WHAT YOU NEED TO DO: Return all the entries below exactly, except for the images they hold.
"""
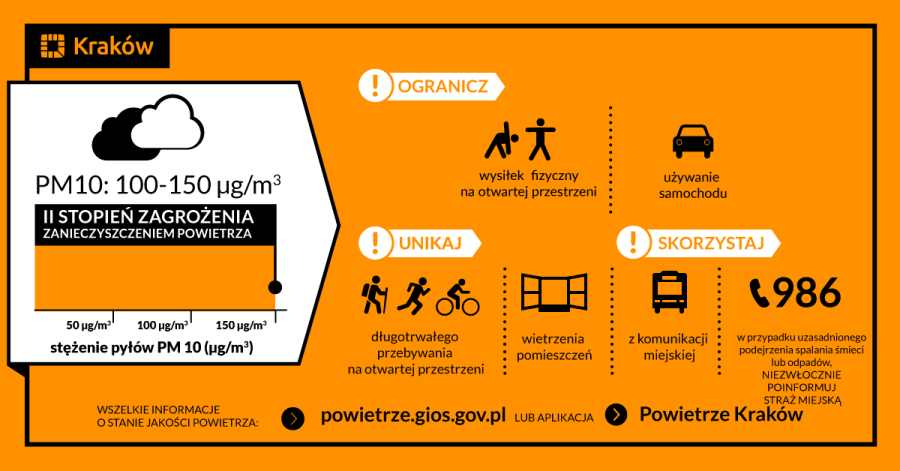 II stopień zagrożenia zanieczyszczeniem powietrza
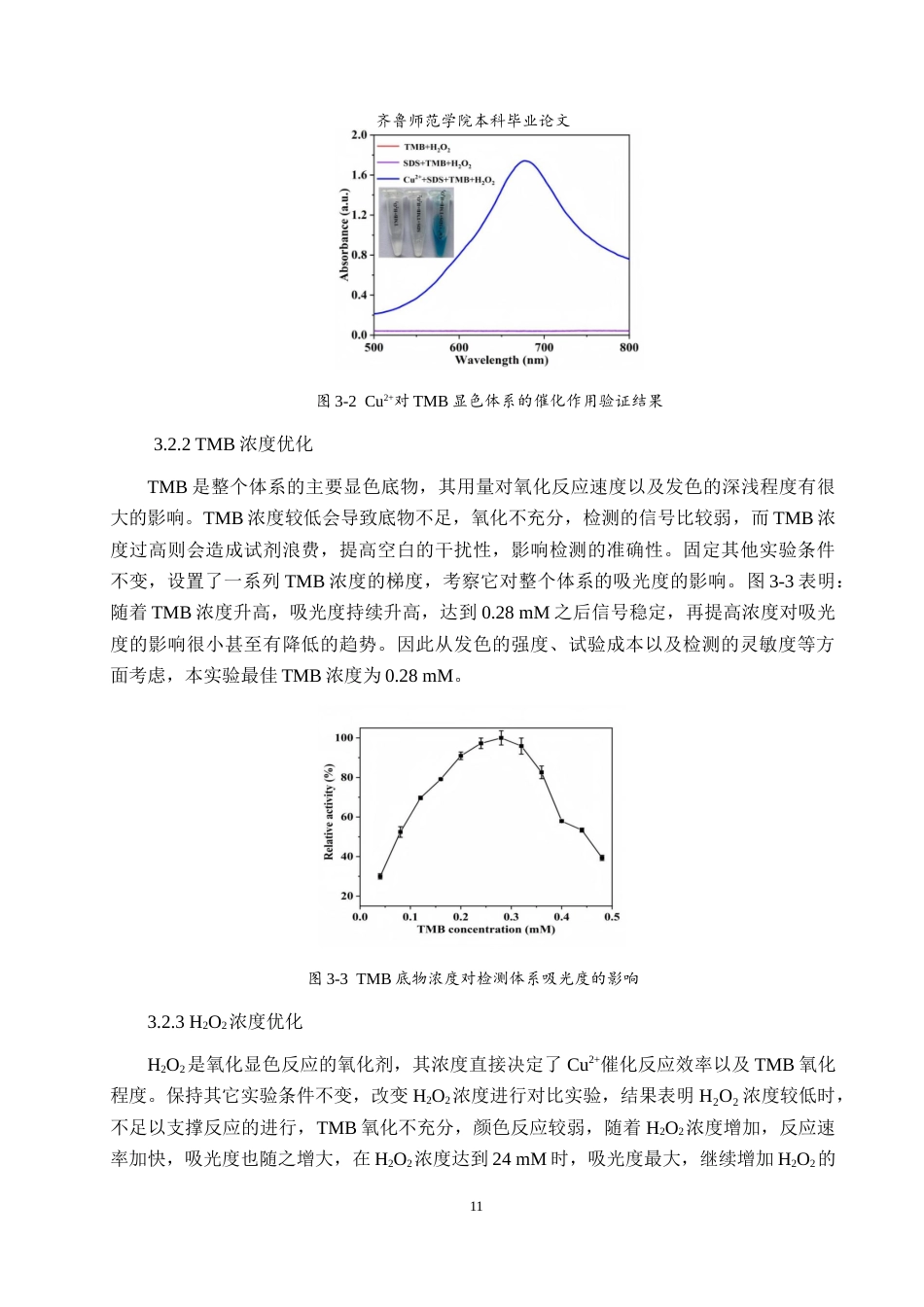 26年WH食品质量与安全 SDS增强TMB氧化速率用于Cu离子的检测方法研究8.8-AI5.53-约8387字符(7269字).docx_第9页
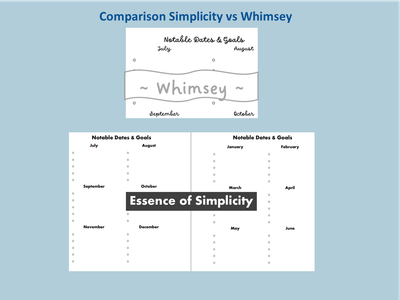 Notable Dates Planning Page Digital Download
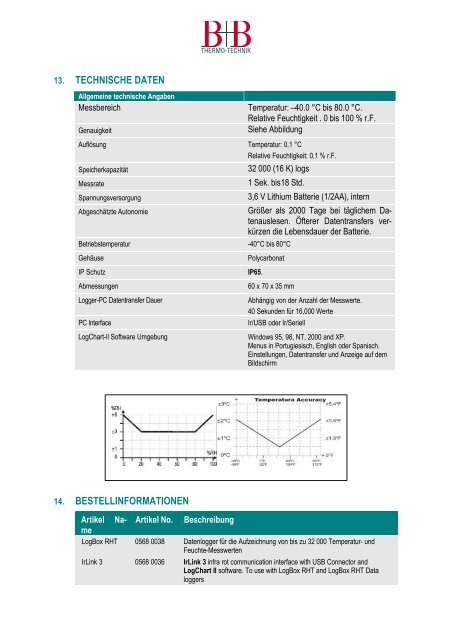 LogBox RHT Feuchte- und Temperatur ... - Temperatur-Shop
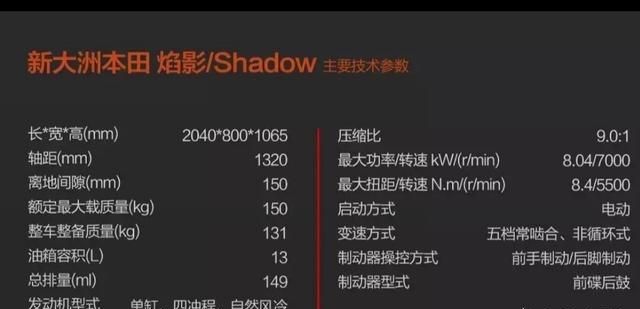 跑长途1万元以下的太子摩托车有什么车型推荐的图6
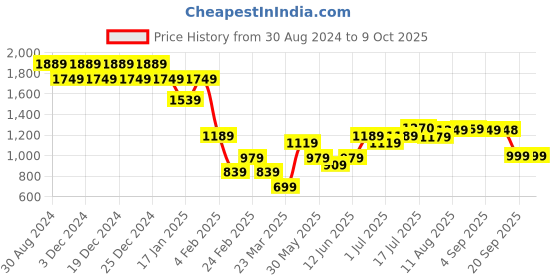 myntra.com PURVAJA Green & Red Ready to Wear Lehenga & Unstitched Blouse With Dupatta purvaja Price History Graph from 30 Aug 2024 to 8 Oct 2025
"""
PROBLEM SOLUTION:
 II stopień zagrożenia zanieczyszczeniem powietrza
 26年WH食品质量与安全 SDS增强TMB氧化速率用于Cu离子的检测方法研究8.8-AI5.53-约8387字符(7269字).docx_第9页
 Notable Dates Planning Page Digital Download
 LogBox RHT Feuchte- und Temperatur ... - Temperatur-Shop
 跑长途1万元以下的太子摩托车有什么车型推荐的图6
 myntra.com PURVAJA Green & Red Ready to Wear Lehenga & Unstitched Blouse With Dupatta purvaja Price History Graph from 30 Aug 2024 to 8 Oct 2025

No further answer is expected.